„Lassen Sie uns mal schön durchlangweilen“, schlägt Hagen Rether vor. Nein danke. Ist zwar gut gemeint, geht aber von der Idee aus, dass zur Ruhe kommen und Langeweile identisch sind, letztere
also ein probates Mittel gegen die allgegenwärtige Hektik darstellt. Im Pantheon, in dem Rether einen Benefizabend für das Bonner Frauenhaus veranstaltet („das braucht leider Unterstützung
dringender denn je“), ist das nicht der richtige Ansatz. Lieber dem Kabarettisten zuhören, der sich melancholisch und zynisch zugleich über den Zustand der Gesellschaft äußert, der in Rethers
Augen an einer dialektischen Verdrehung von Religion, Politik und Moral krankt. Da werden zum Beispiel in der Schule Moslems und Christen im Religionsunterricht getrennt, und hinterher ist der
Aufschrei groß, dass ein gegenseitiges Verstehen nicht möglich ist. Oder immer höhere Gewinne gefordert, aber die Bänker und Manager verteufelt.

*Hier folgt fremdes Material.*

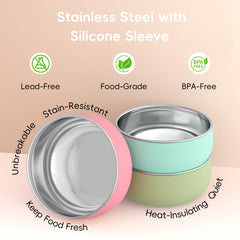 Bella's Friends non-slip-base bowls steady meals for toddlers at every bite.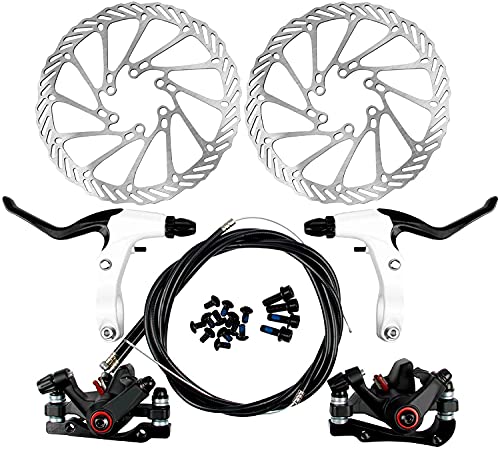 Yorbay Kit Freno a Disco Anteriore Posteriore Biciclette Impostare MTB di Frenatura a Disco 160MM Rotori Bici da Strada (Nero) Riutilizzabile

Wer B will, darf A nicht machen. Ganz
einfach.
Dabei geht es Rether nicht unbedingt um konkrete Probleme, sondern um systemimmanente. Weg mit den Lobbyisten, fordert er, her mit Bankensteuer, Mindestlohn und echter Gleichberechtigung.
Positionen der Linken, wie der 43-Jährige bekennt. Stört ihn nicht. Ganz im Gegenteil: „Wir stehen in den Scherben des Kapitalismus und warnen vor den Kommunisten“, höhnt er. Alte Feindbilder
sterben langsam. Auch die Retherschen. Der wettert etwa fröhlich gegen den Papst, ohne dabei zwischen Benedikt und Franziskus zu unterscheiden, weil der Vatikan ja ohnehin für den
Pferdeschwänzigen eines der großen Übel der Welt zu sein scheint. Selbiges gilt für die FDP und sämtliche Fernsehsender mit Ausnahme von Arte.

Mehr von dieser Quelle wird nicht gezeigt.